*** Opening of SOURCE DATA ***

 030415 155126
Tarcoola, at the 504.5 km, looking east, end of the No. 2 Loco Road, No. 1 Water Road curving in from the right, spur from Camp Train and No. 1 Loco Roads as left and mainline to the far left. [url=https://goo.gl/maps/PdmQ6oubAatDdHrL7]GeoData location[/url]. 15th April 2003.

*** Close of SOURCE DATA ***
*** Opening of SOURCE DATA ***

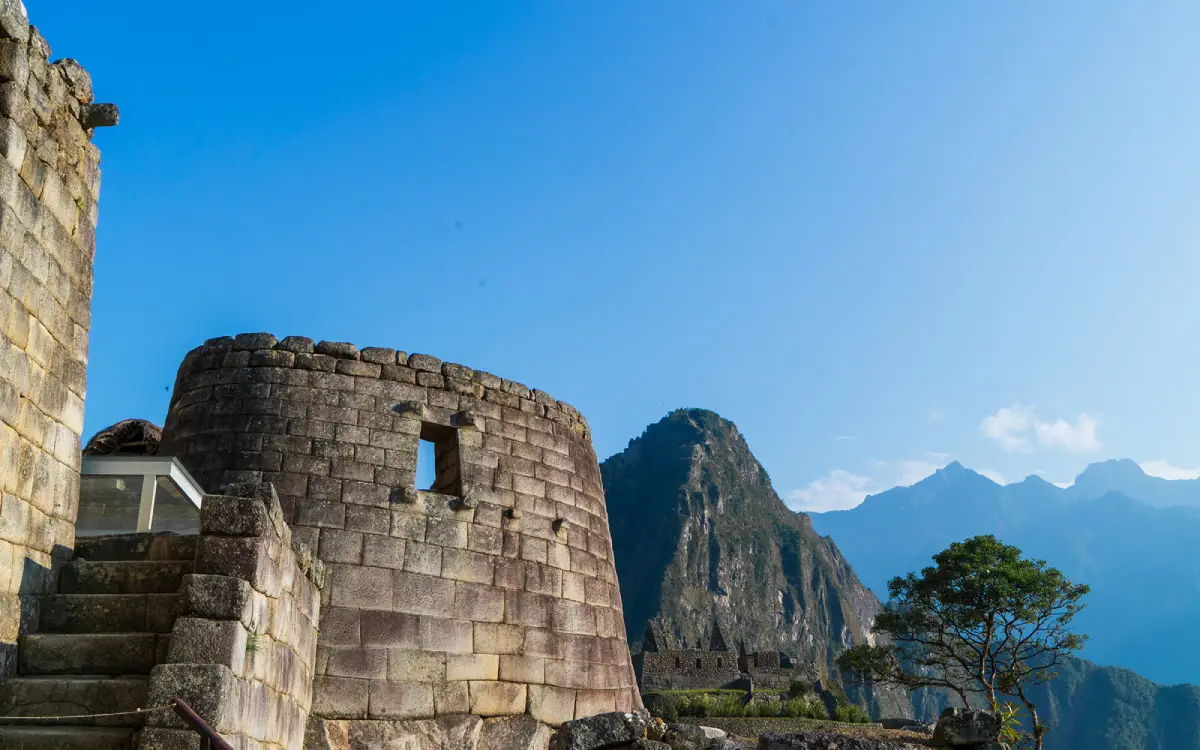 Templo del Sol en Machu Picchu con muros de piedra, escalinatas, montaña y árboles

*** Close of SOURCE DATA ***
*** Opening of SOURCE DATA ***

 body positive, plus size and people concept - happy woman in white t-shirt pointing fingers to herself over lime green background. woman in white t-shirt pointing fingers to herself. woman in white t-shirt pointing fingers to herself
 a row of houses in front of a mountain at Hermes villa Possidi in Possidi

*** Close of SOURCE DATA ***

ABOUT THIS EXERCISE:
Proceeding from the line containing "030415 155126" through the line containing "Tarcoola, at the", transcribe the lines above exactly, both end lines included.

RESPONSE:
 030415 155126
Tarcoola, at the 504.5 km, looking east, end of the No. 2 Loco Road, No. 1 Water Road curving in from the right, spur from Camp Train and No. 1 Loco Roads as left and mainline to the far left. [url=https://goo.gl/maps/PdmQ6oubAatDdHrL7]GeoData location[/url]. 15th April 2003.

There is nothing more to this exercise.